Consider $$\theta_k = \inf\{t\geq \theta_{k-1}, |W_t- W_{\theta_{k-1}}| = \pi\}, \theta_0 = 0$$ Then the integral can be written as the sum of $\int_{\theta_{k}}^{\theta_{k+1}}\sin^2(W_s)ds$, we have

\begin{align} \frac{1}{t}\int_0^t \sin^2(W_s)ds = \dfrac{\sum_{k=1}^{+\infty}1_{\theta_k < t}}{t} \dfrac{\sum_{k=0}^{+\infty}\int_{\theta_{k}}^{\theta_{k+1}}\sin^2(W_s)ds1_{\theta_{k+1} < t} + \int_{\theta_{k+1}}^t \sin^2(W_s)ds1_{\theta_{k+1} < t \leq \theta_{k+2}} }{\sum_{k=1}^{+\infty}1_{\theta_k < t}} \end{align}

Remark that $$\dfrac{\sum_{k=0}^{+\infty}\int_{\theta_{k}}^{\theta_{k+1}}\sin^2(W_s)ds1_{\theta_{k+1} < t} + \int_{\theta_{k+1}}^t \sin^2(W_s)ds1_{\theta_{k+1} < t \leq \theta_{k+2}} }{\sum_{k=1}^{+\infty}1_{\theta_k < t}}\to E\int_0^{\theta_1}\sin^2(W_s)ds$$ alomst surely by the strong law of large number because $\int_{\theta_{k}}^{\theta_{k+1}}\sin^2(W_s)ds$'s are i.i.d.

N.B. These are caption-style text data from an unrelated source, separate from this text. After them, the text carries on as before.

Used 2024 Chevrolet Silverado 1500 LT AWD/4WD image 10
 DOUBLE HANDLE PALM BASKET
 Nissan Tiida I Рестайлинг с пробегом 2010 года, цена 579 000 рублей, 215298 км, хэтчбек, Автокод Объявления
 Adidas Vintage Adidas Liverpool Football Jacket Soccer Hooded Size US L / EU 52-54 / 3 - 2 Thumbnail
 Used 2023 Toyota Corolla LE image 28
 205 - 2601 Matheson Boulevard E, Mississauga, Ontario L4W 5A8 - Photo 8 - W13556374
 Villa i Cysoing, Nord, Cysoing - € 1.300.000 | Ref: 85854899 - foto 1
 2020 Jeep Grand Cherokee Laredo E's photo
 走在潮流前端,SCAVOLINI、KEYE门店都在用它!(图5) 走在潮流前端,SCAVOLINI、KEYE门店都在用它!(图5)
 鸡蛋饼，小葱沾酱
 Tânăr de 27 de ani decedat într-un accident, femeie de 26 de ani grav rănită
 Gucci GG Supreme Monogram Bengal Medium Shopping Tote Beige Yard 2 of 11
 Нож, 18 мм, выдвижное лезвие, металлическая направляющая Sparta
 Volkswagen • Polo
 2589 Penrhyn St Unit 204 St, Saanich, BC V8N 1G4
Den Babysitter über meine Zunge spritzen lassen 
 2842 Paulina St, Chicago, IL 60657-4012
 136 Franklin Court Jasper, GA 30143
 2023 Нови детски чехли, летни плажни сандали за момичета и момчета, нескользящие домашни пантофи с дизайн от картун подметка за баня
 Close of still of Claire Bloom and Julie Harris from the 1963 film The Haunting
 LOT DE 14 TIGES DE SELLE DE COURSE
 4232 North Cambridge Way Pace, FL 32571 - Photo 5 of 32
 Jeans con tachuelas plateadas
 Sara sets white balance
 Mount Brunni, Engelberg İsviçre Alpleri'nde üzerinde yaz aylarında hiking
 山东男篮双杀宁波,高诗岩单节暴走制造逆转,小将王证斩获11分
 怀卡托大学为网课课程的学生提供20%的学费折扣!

And that $$\dfrac{\sum_{k=1}^{+\infty}1_{\theta_k < t}}{t} \to \dfrac{1}{E(\theta_1)}$$ alomost sutrly(Imagine a Poisson process which jumps once a new $\theta_k$ is reached)

So the limit is equal to $\dfrac{E\int_0^{\theta_1}\sin^2(W_s)ds}{E(\theta_1)}$. To compute it, let $$I_1 = \frac{1}{t}\int_0^t \sin^2(W_s)ds$$ $$I_2 = \frac{1}{t}\int_0^t \cos^2(W_s)ds$$ then we have $I_1 + I_2 = 1$.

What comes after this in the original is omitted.